[Opening RECORDS FOR THE EXERCISE section]

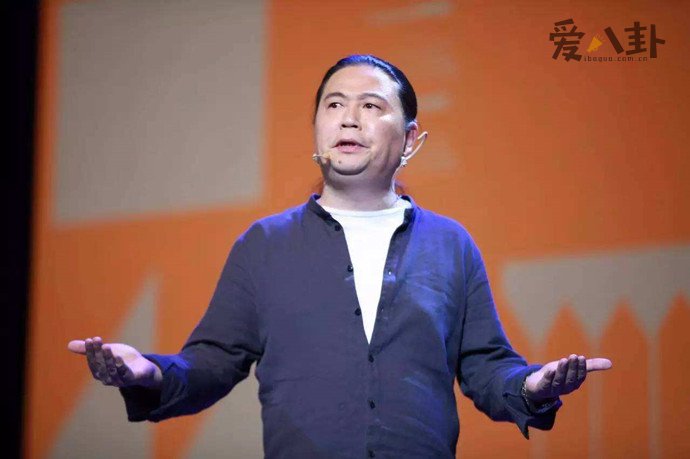 汪海林怼赵丽颖粉丝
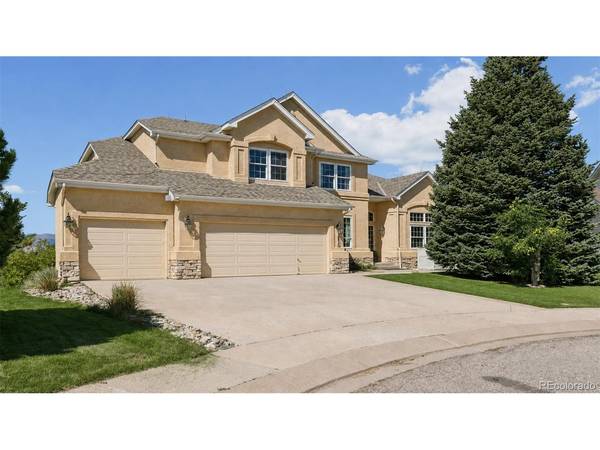 2830 Bethune, Colorado Springs, CO 80920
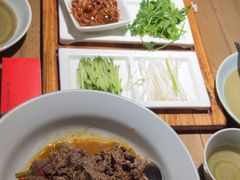 -北方家宴(番禺永旺店)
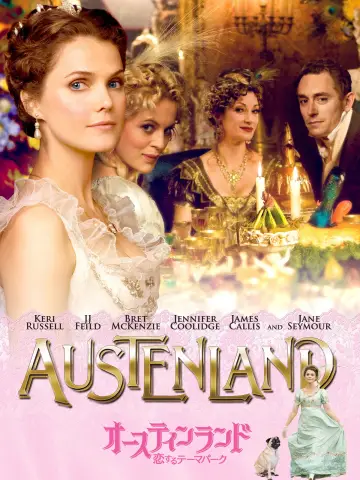 Kraina Jane Austen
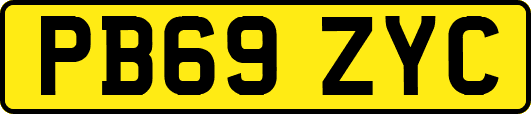 PB69ZYC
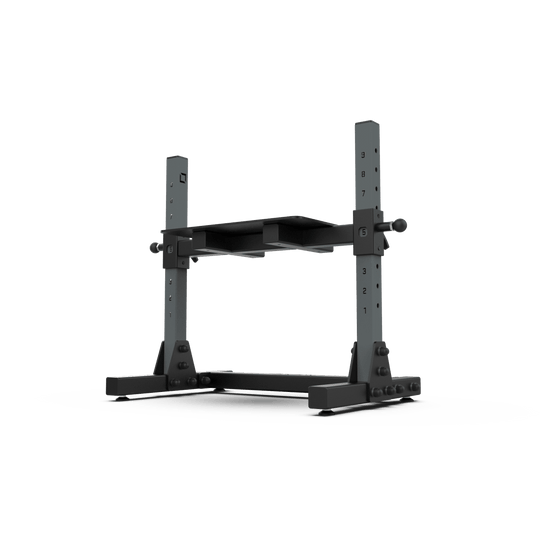 Adjustable Step Up | BLK BOX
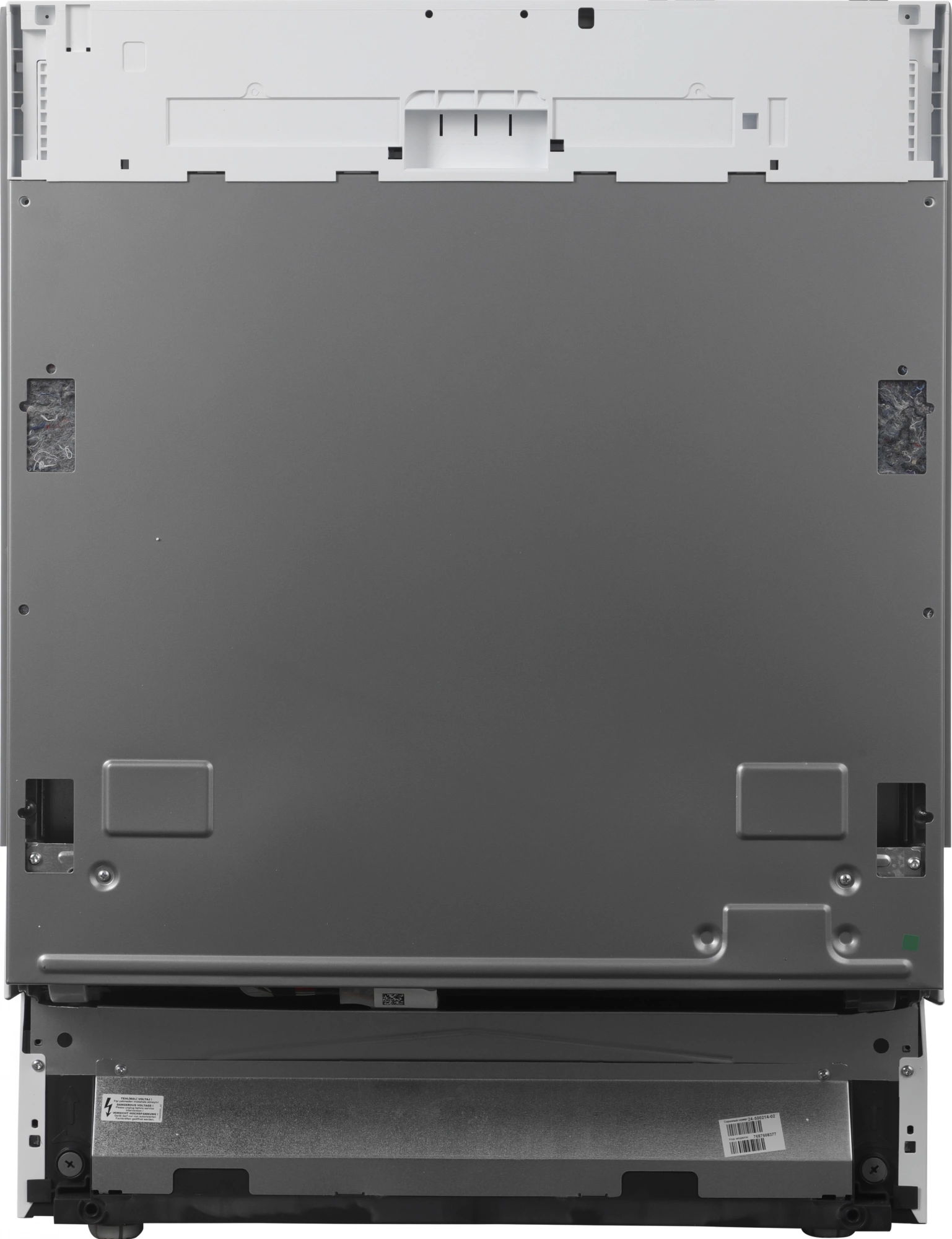 Посудомоечная машина встраив. Indesit DI 3C49 B 2100Вт полноразмерная — миниатюра 15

[Closing RECORDS FOR THE EXERCISE section]

Reprint the data verbatim, pictures excluded.

 汪海林怼赵丽颖粉丝
 2830 Bethune, Colorado Springs, CO 80920
 -北方家宴(番禺永旺店)
 Kraina Jane Austen
 PB69ZYC
 Adjustable Step Up | BLK BOX
 Посудомоечная машина встраив. Indesit DI 3C49 B 2100Вт полноразмерная — миниатюра 15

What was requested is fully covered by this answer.